The task: Only the lines from the one with "4 LBS Natural" through the final line below belong in the answer, copied exactly and without pictures.

Data below:
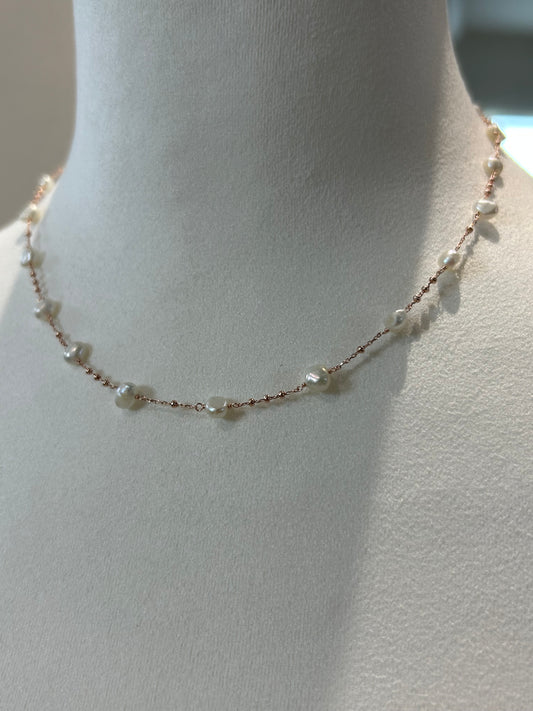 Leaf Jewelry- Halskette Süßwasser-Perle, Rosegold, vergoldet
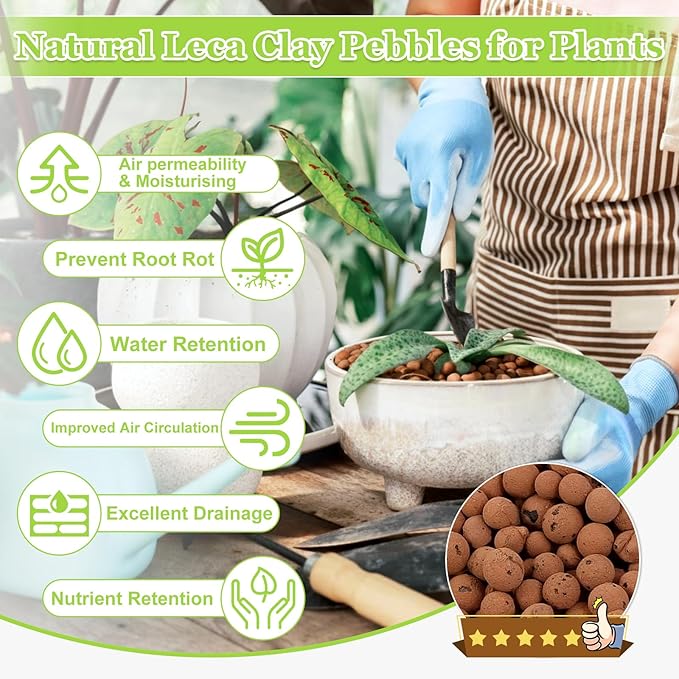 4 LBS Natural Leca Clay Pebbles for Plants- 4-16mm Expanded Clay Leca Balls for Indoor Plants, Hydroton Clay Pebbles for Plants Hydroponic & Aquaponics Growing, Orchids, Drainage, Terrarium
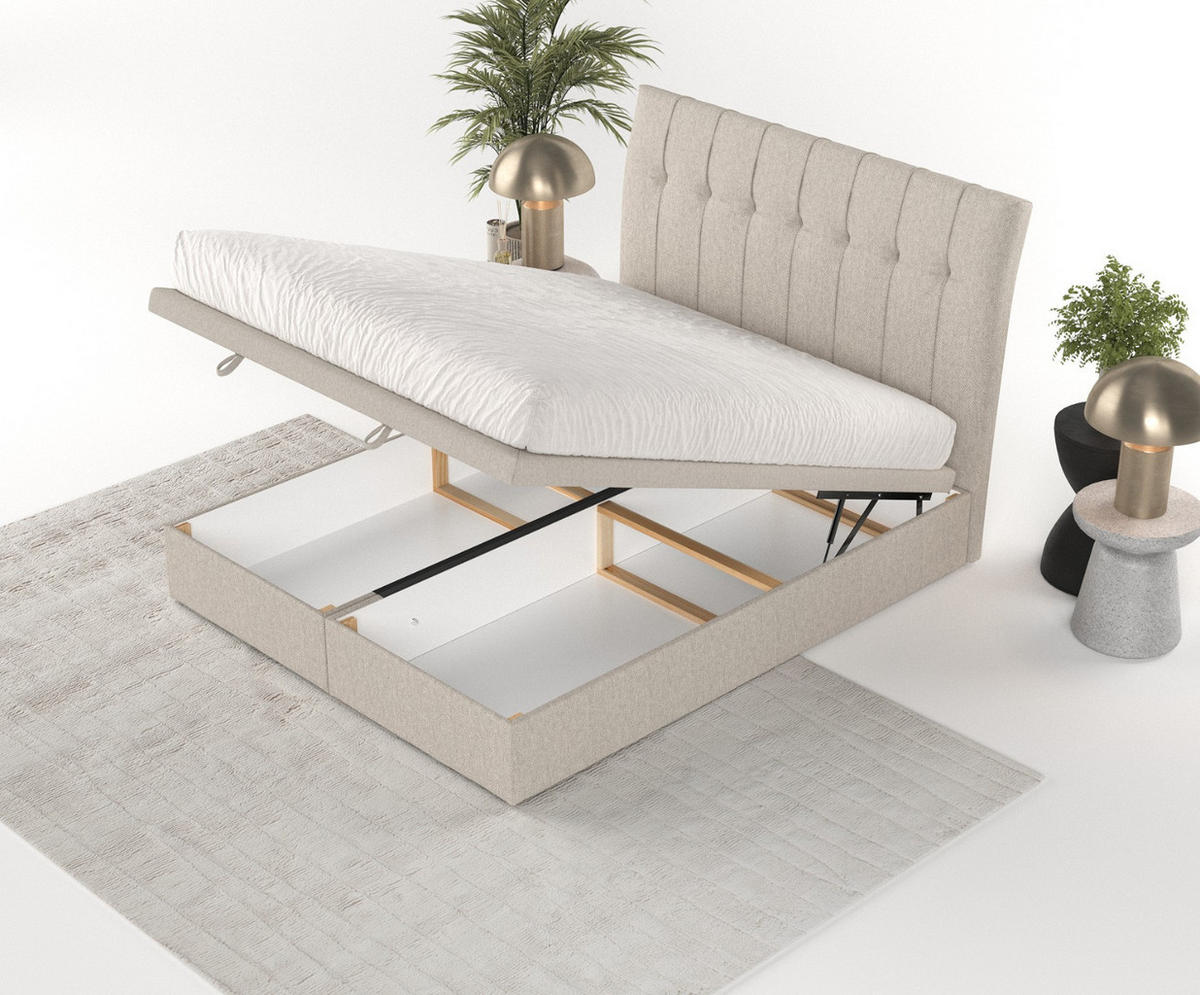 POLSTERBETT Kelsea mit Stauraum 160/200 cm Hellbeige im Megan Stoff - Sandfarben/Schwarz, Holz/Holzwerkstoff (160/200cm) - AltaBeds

Problem solution:
 4 LBS Natural Leca Clay Pebbles for Plants- 4-16mm Expanded Clay Leca Balls for Indoor Plants, Hydroton Clay Pebbles for Plants Hydroponic & Aquaponics Growing, Orchids, Drainage, Terrarium
 POLSTERBETT Kelsea mit Stauraum 160/200 cm Hellbeige im Megan Stoff - Sandfarben/Schwarz, Holz/Holzwerkstoff (160/200cm) - AltaBeds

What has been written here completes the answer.